In light of the recent hacking of the HSE, where a lot the HSE customer data has been copied. it is likely that many of our members may get emails or calls from people purporting to be from the HSE or related sources or from institutions like banks etc.
These calls and emails will be convincing as they will have much of your personal data, DOB, address, health issues you have. The contact will probably be asking for money, or if not additional data about you or a loved one to handle an issue, often with some urgency behind the request.
The IWAI will never make any such request except personally by the membership secretary if there is a need to update something on your membership or the Shop manager Colin Becker if there is a need to get additional information to ship the purchase or agree shipping costs.
As the HSE breach will impact every person living in Ireland and using any of the HSE services, that means basically everybody may get such contacts.
Any contact from anybody should be treated with caution, even if asking for addition personal information, all of this can be used to pretend to be you to a bank or other service and can fool the service provider into giving the hacker access to the service.
Expect all good responsible service provider to be looking for additional verification of your identity and if you have not initiated the contact, do not respond and stop the communication and restart the contact yourself to a separately identified KNOWN contact details of the service provider.
Basic advice whether it is a email, a phone call or SMS
- Do NOT answer or respond to the contact immediately or directly if you have not initiated it.
- Phone call -, explain to the caller you will hang up and call back a known contact number for the services they proport to be.

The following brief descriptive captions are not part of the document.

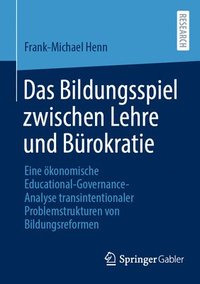 bokomslag Das Bildungsspiel Zwischen Lehre Und Bürokratie: Eine Ökonomische Educational-Governance-Analyse Transintentionaler Problemstrukturen Von Bildungsrefo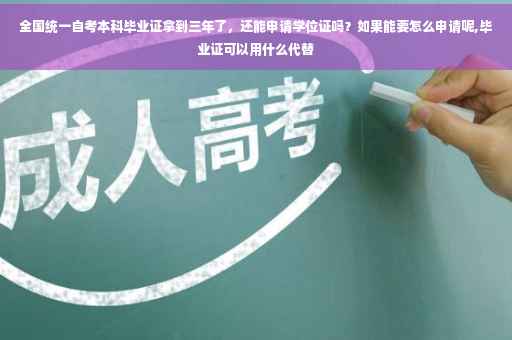 全国统一自考本科毕业证拿到三年了，还能申请学位证吗？如果能要怎么申请呢,毕业证可以用什么代替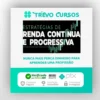 Estratégias de Renda Contínua e Progressiva - Su Choung Wei
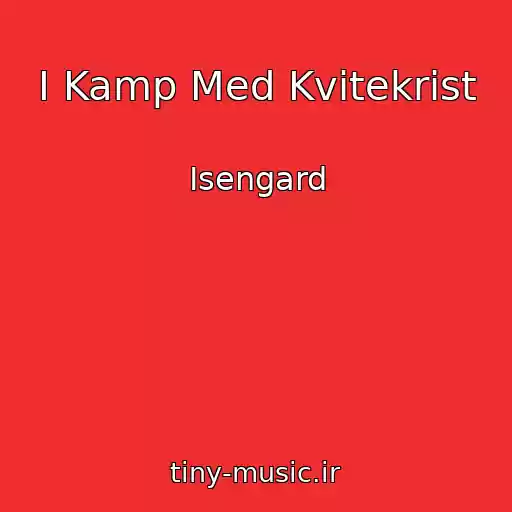 کاور آهنگ I Kamp Med Kvitekrist از Isengard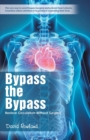 Bypass the Bypass : Restore Circulation Without Surgery - Book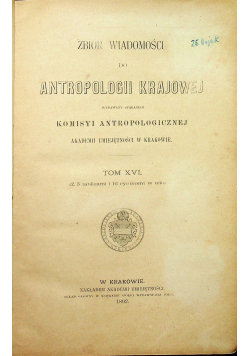 Zbiór wiadomości do Antropologii Krajowej tom VI 1880r
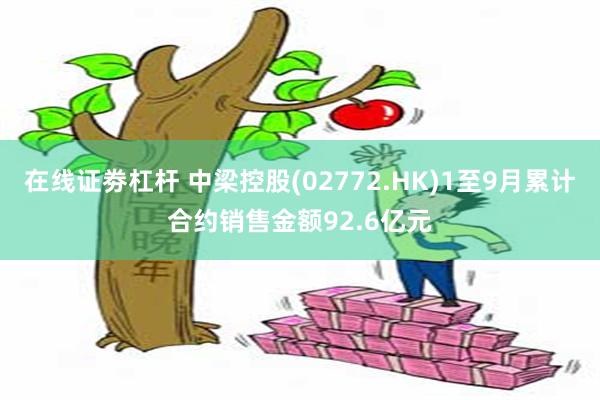 在线证劵杠杆 中梁控股(02772.HK)1至9月累计合约销售金额92.6亿元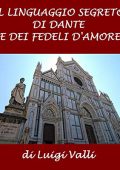 Luigi Valli - Il linguaggio segreto di Dante e dei Fedeli d'Amor (2022) (mp3 - 128 kbps)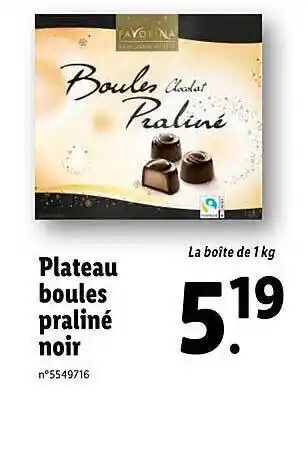 Lidl Plateau boules praliné noir favorina offre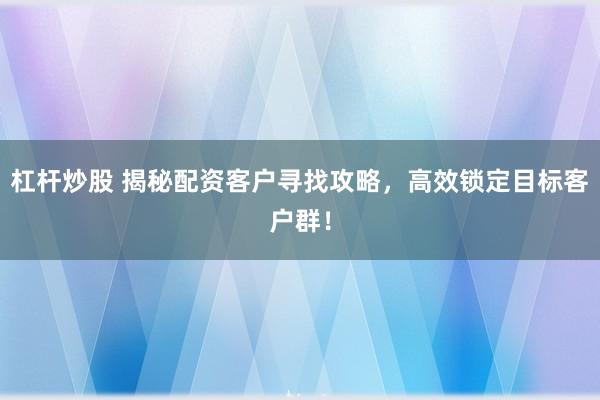 杠杆炒股 揭秘配资客户寻找攻略，高效锁定目标客户群！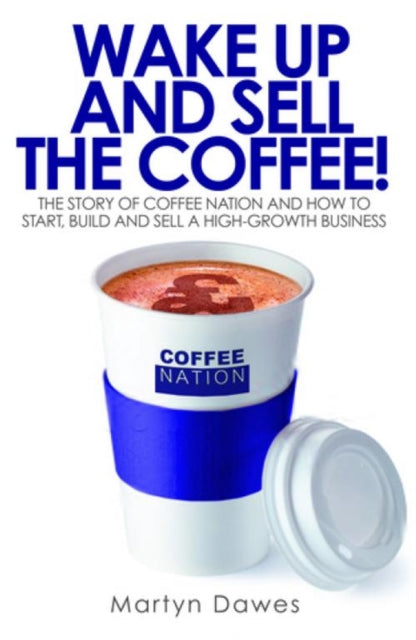 Book cover of: Wake Up and Sell the Coffee!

IWAI officers will not have any issue with this and will expect this and will await the call back but if the caller gives you a number, do not call it, find independently the number and call this number as they will give you the number, they want you to call.
- Emails or SMS – do not open or click on any link within the email//SMS unless you know the origin and are expecting the email.
- For example, you have triggered a password reset recently and you get an email to reset your password, if you have not personally done it, do not open the email or clock on the link. This is a typical method of email phishing used by hacker.
- Emails from the IWAI will come from an email address with iwai.ie after the @ in the email address and nothing else, no additional characters either before it or after iwai.ie
- If you have any doubt about an IWAI contact, call the membership secretary to discuss using an independently identified number.